- **Exercise**:
With the pictures left out, please return exactly the line holding "NWT BB Dakota trench coat - Picture 2 of 10" and each following line until the entries end.

### Data provided

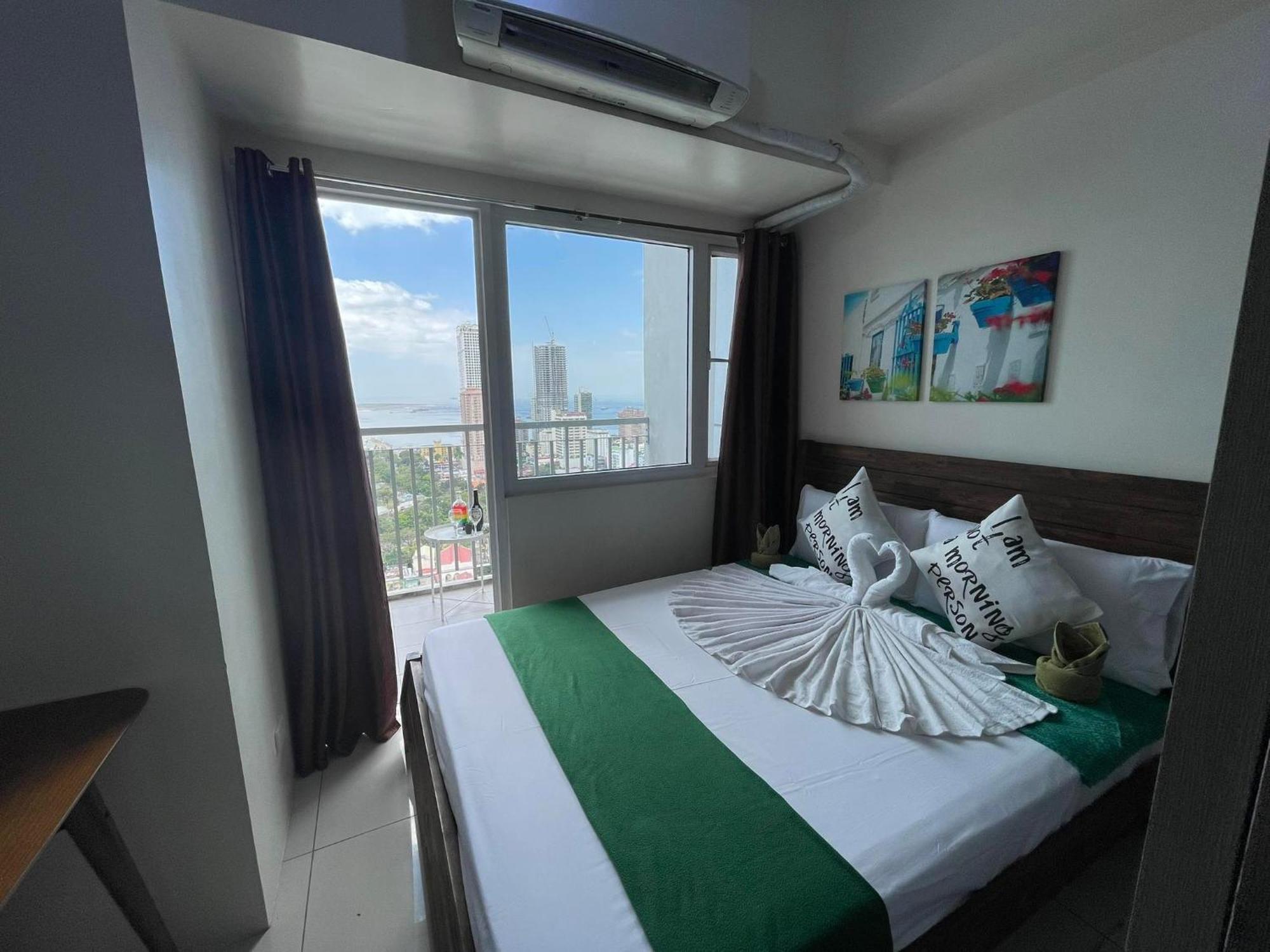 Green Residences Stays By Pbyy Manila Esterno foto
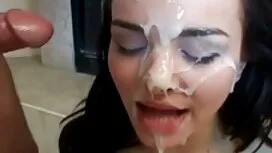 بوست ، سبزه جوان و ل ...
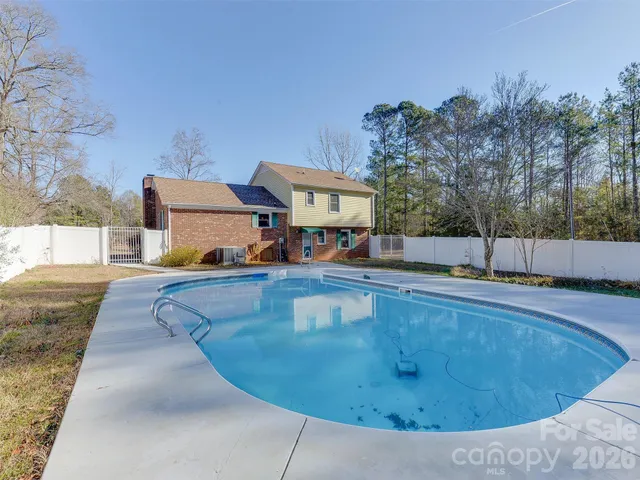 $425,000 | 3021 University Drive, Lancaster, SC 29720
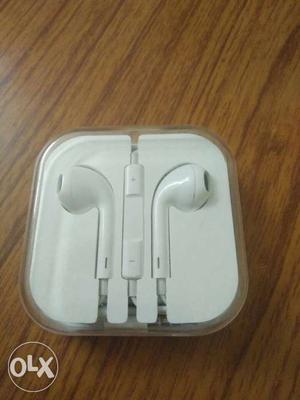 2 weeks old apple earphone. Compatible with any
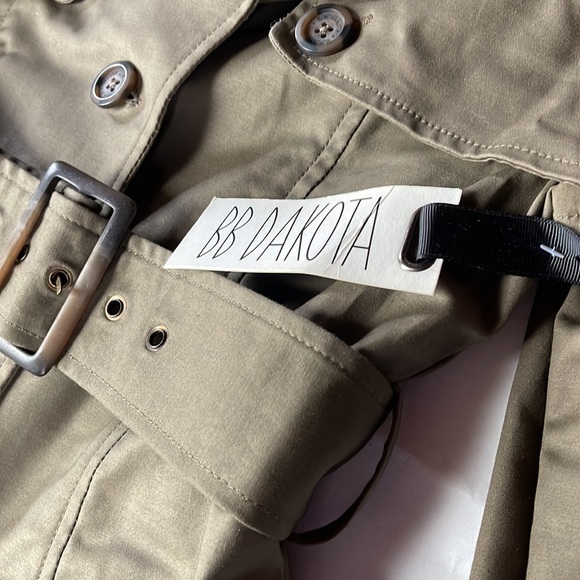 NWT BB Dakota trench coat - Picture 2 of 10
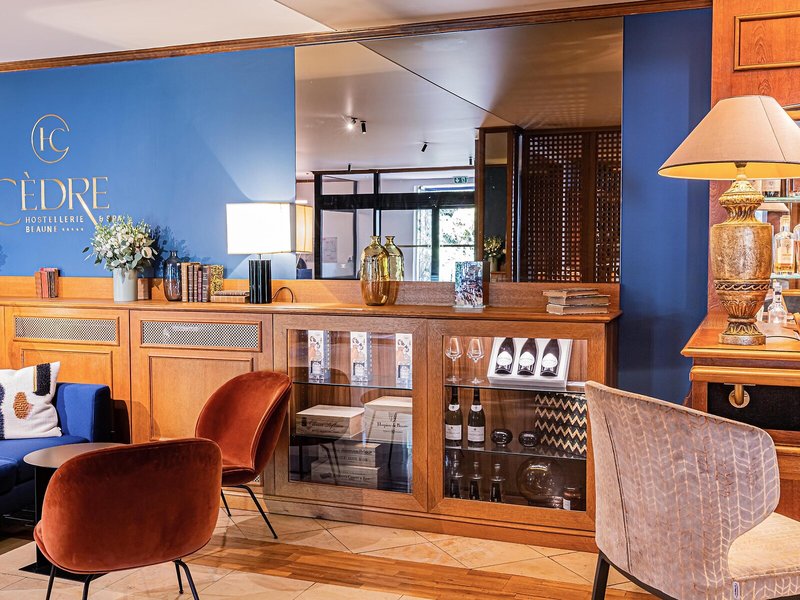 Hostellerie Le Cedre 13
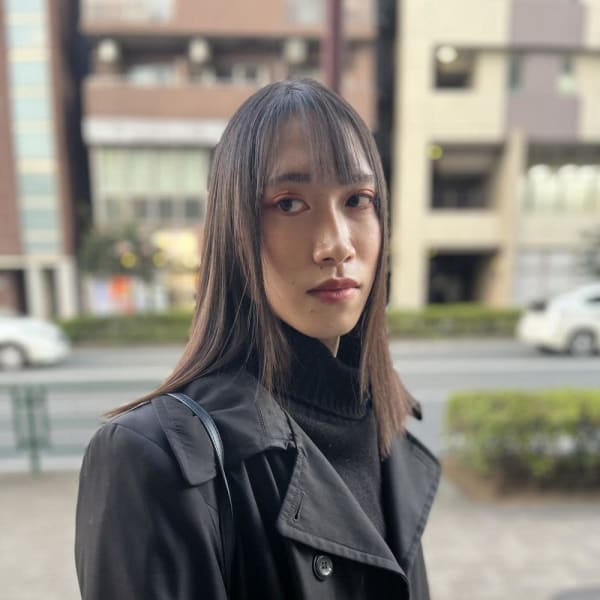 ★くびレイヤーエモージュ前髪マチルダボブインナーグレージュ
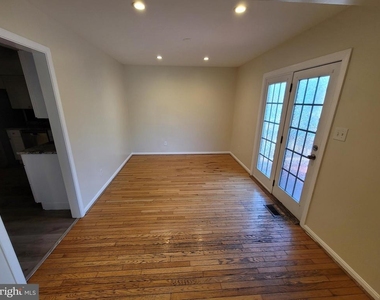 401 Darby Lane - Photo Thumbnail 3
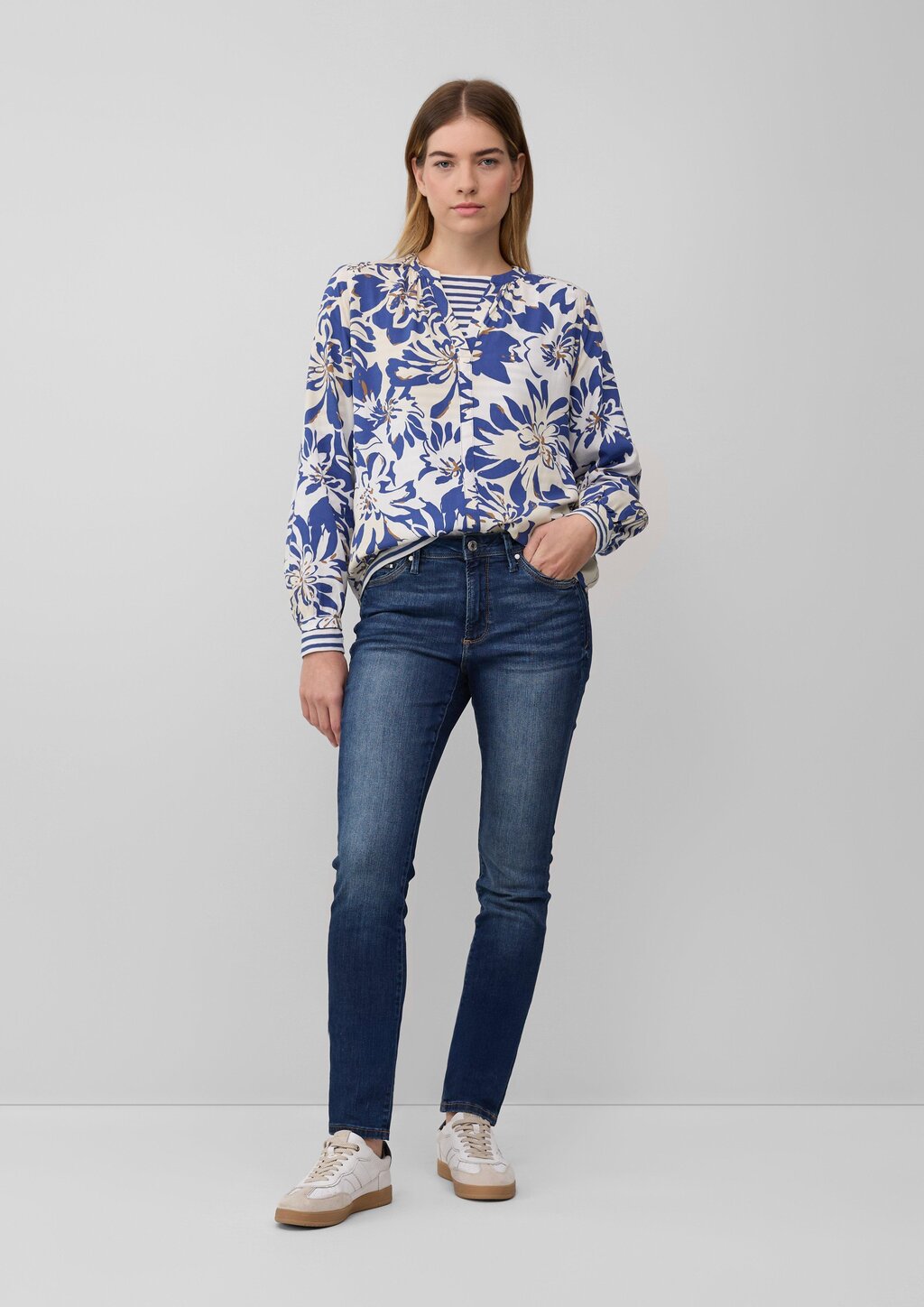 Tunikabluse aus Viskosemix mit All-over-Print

######

- **Result of this task**:
 NWT BB Dakota trench coat - Picture 2 of 10
 Hostellerie Le Cedre 13
 ★くびレイヤーエモージュ前髪マチルダボブインナーグレージュ
 401 Darby Lane - Photo Thumbnail 3
 Tunikabluse aus Viskosemix mit All-over-Print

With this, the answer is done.